Une solution uniforme à la crise alimentaire mondiale, fondée sur le recours à une agriculture industrielle et de haute technologie étroitement localisée, ferait le jeu de quelques oligopoles, sans résoudre de façon durable le problème. Elle l'aggraverait même très certainement. Dans ce secteur très particulier de l'activité productive, où l'on est au plus près de l'économie "réelle", le profit pour le profit ne nous mènerait nulle part, encore moins qu'ailleurs, comme vient nous le rappeler l'actuelle crise financière internationale.

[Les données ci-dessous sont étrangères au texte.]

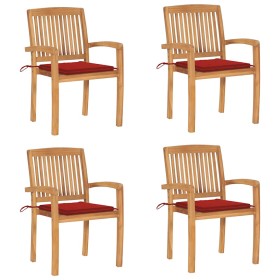 Sillas de jardín apilables 4 uds madera de teca con cojines von , Gartenstühle - Ref: Foro24-3073216, Preis: 431,61 €, Rabatt: %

La solution est en l'Homme, elle n'est plus dans cette Terre qui a cessé d'être vierge, éteignant ainsi le vieux rêve du poète (Charles Baudelaire) :
"Pour l'enfant, amoureux de cartes et d'estampes,
L'univers est égal à son vaste appétit."
Un univers de plus en fini, où nous guettent le réchauffement climatique, la raréfaction des ressources en eau potable ou la fragilisation des terres cultivables. Face à de telles contraintes globales, nous ne pouvons pas non plus prétendre nous réfugier dans l'autarcie. Chaque Etat, chaque nation, chaque peuple ne peut aujourd'hui assurer sa sécurité alimentaire que par le jeu combiné de la production locale et des importations. Ce qui rend aujourd'hui plus que jamais nécessaire la coopération internationale.
C'est maintenant la secrétaire d'Etat aux Affaires étrangères qui voudrait dresser un premier bilan avec vous.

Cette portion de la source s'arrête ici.